Ya que habían mencionado el dictamen del Pro, Martín Maquieyra pidió la palabra para ver si podía colar el artículo en cuestión. Reconoció que era muy similar, pero con una diferencia en cuanto a la temporalidad. “Habíamos hecho el cálculo de tres años”, explicó y propuso incorporarlo al texto que estaban votando. Detalló que ellos incorporaban al tiempo de 3 años por los cuales serían eximidos los empleadores del pago de cargas sociales. El impacto social era de 2.000 millones de pesos anuales. “En este caso se triplicaría y creemos que es viable”, dijo.

Martín Maquieyra logró colar un artículo suyo en el texto aprobado.
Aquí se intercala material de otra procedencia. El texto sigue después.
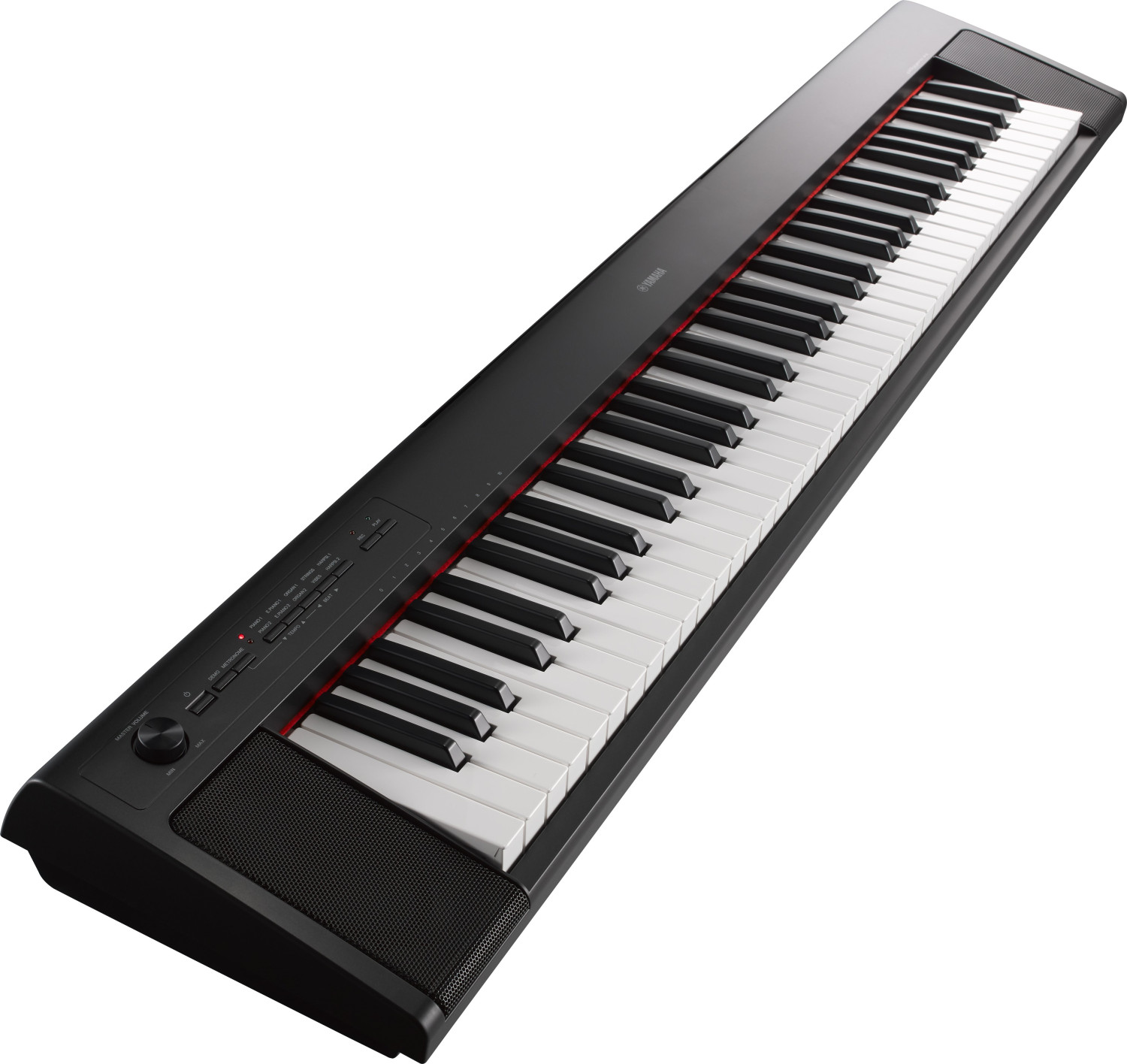Schwarzes Yamaha Digitalpiano mit weißen Tasten, roten Akzenten und einem Lautsprecher vorne.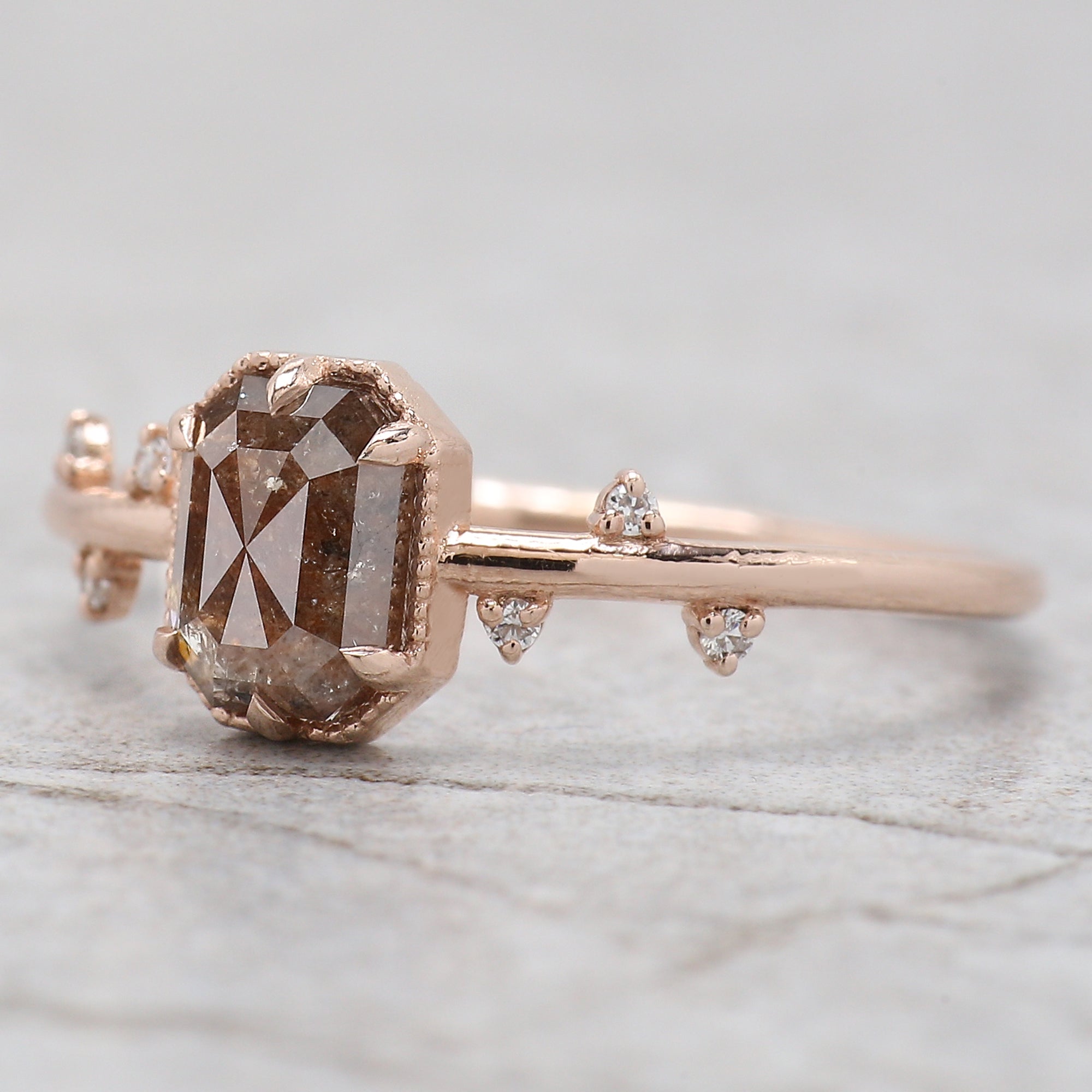 Emerald Cut Brown Color Diamond Ring 0.79 Ct 6.18 MM Emerald Shape Diamond Ring 14K Rose Gold Silver Engagement Ring Gift For Her QL652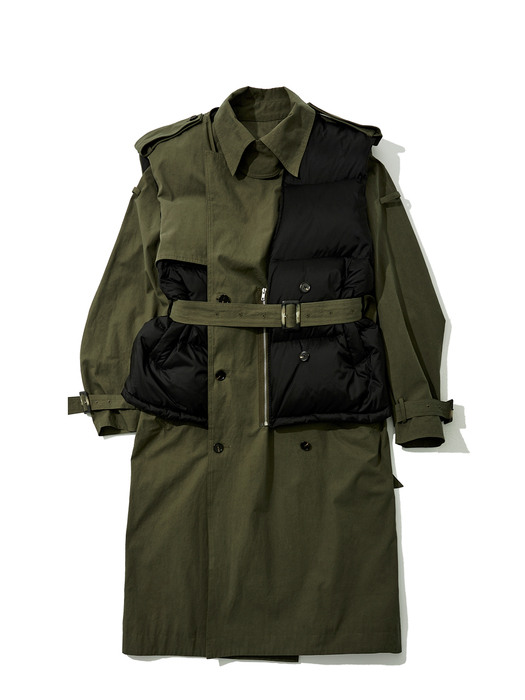 MULTIPLE DOWN VEST TRENCH COAT_OLIVE KK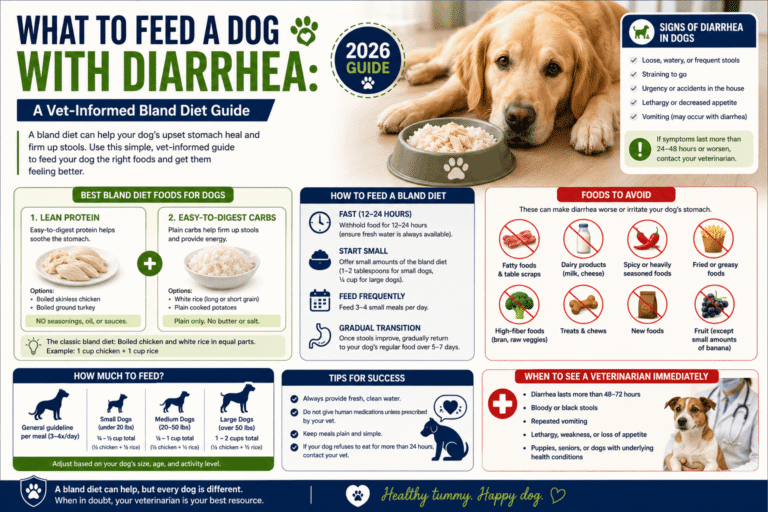 What to Feed a Dog With Diarrhea: A Vet-Informed Bland Diet Guide (2026)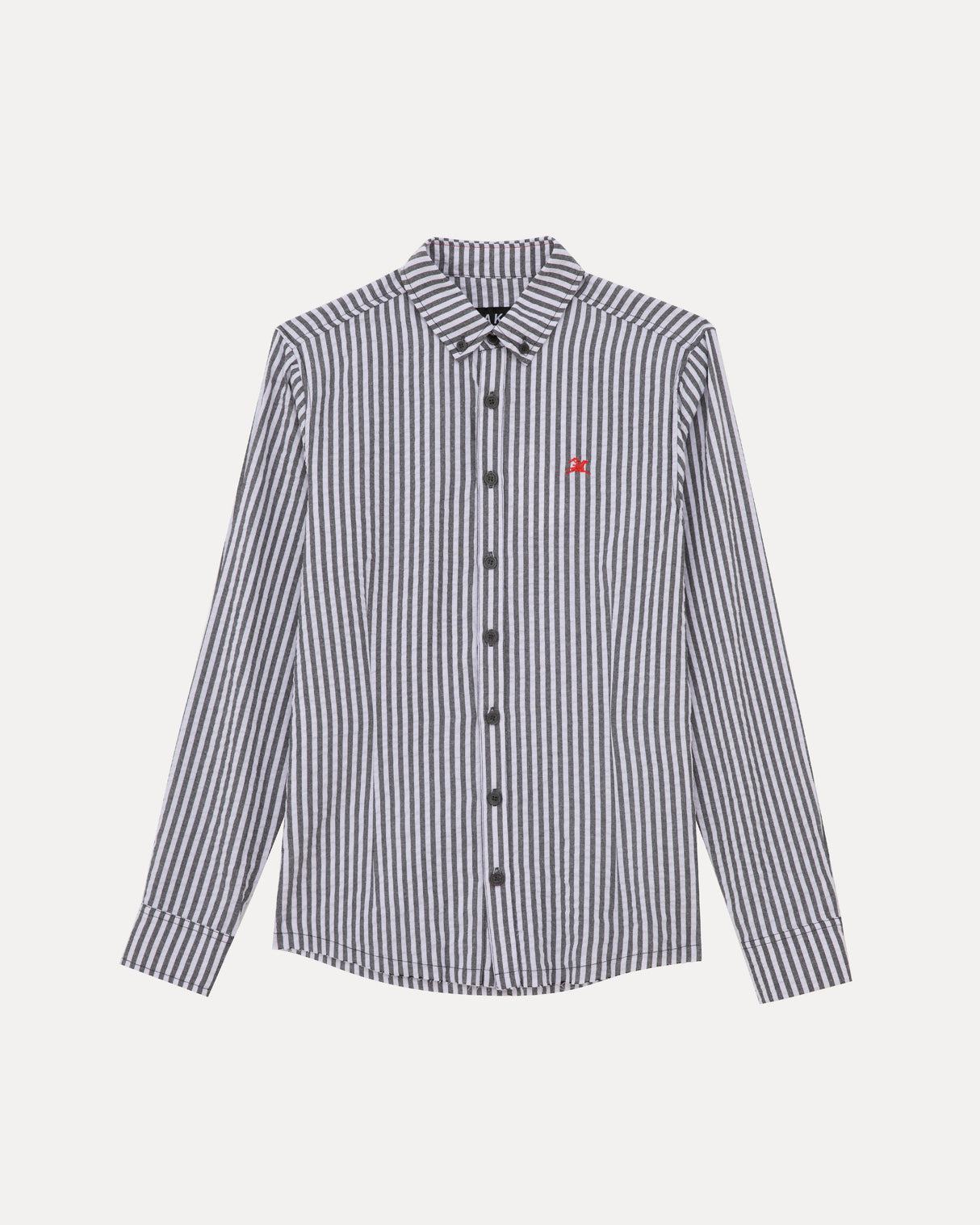 Longsleeve Button Down - Black/White Stripe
Margarita Stolbizer planteó que no se estaba votando el dictamen de minoría, por lo que se estaba haciendo era improcedente, pero Juan Manuel López opinó lo contrario, señalando que el artículo 162 del reglamento permitía hacer eso que estaban haciendo: trayendo un texto de otro dictamen para incorporarlo. Y era lo que justamente habían hecho el año anterior con el artículo que en la Ley Bases sumó al tema del tabaco.
Daniel Arroyo hizo otro intento por desembarazarse ahora del artículo en cuestión, y reiteró sus promesa de darle prioridad a una ley de empleo para discapacitados en la próxima semana, pero a continuación Karina Banfi cortó por lo sano y presentó su moción por votar. Que fue lo que se hizo con el artículo de Maquieyra, que dide: “Modifíquese el artículo 87 de la Ley 24.013, el que quedará redactado de la siguiente manera: ‘Los empleadores que contraten trabajadores con discapacidad por tiempo indeterminado serán eximidos del pago del 50% de las contribuciones patronales y las cajas de jubilaciones correspondientes al Instituto Nacional de Seguridad Social, Pensiones y Jubilaciones, a la Caja de Asignacioneos y Subsidios Familiares y al Fondo Nacional de Empleo por el período de 3 años, independientemente de lo que establezca la Ley 22.431’”.
Finalmente se votó y fue incorporado por 123 votos afirmativos, 82 en contra y 6 abstenciones.